The financial services sector has had a busy few years. From the crash of 2008 to the slow crawl back to normal, banks have been lambasted, extolled, bemoaned, distrusted and trusted again. Reputation has become the legacy of the modern financial crisis. Improving how the public perceives its banks and its banking industry has become a compulsory step on the road to better practice.
The Wall Street catastrophe four years ago set off a chain reaction to which no bank has been immune. The financial services sector has been left to rebuild, not only its economic standpoint but its reputation. Almost 75% of the British public has put more trust into financial services led by retailers Marks & Spencer and John Lewis over the standbys of the British banking world.

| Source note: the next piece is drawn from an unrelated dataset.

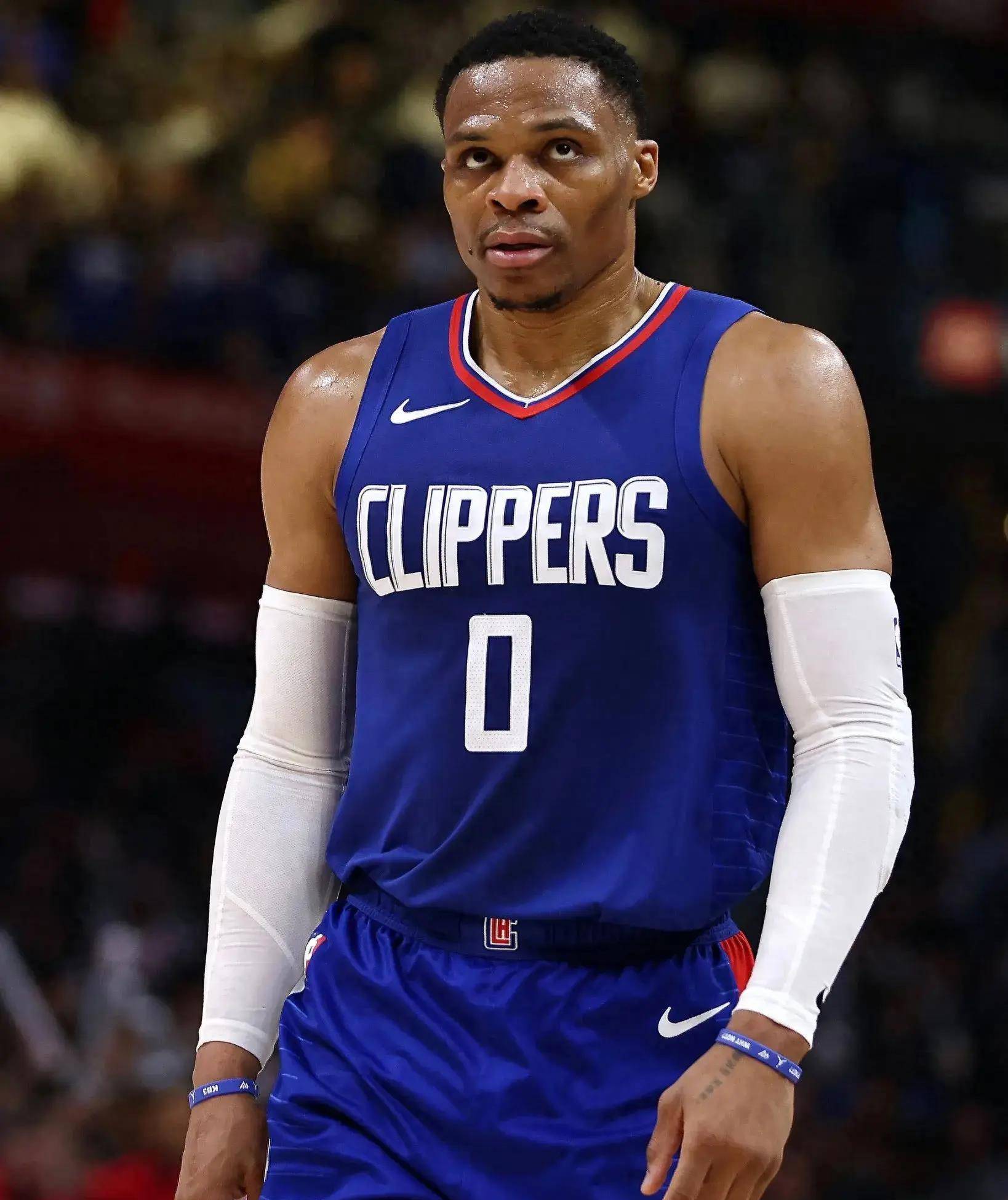 劣势底池里 劣势底池里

On the long road back to trust, potholes have included the 350-day long Occupy London campaign, the collapse of traditional relationships between banks and authorizing bodies, and changing approaches to regulation; not to mention the impact on the daily lives of those individuals and businesses affected by the scandal.
But how did reputation function in this sector before? Banks used to be a place for men (and a few women) wearing suits to guard the finances of men selling suits and the men making suits. Reputation in the Mad Men days was of tantamount importance. “Protecting your bank’s reputation was like protecting a woman’s honour,” a senior banker who worked at JP Morgan in the 1960s told the BBC.
Reputation meant understanding the ethics that guarded the movement of millions of dollars or pounds or yen across continents and across oceans. It meant having a sense of who banks were acting on behalf of. It meant understanding clients, consumers and the men making the suits.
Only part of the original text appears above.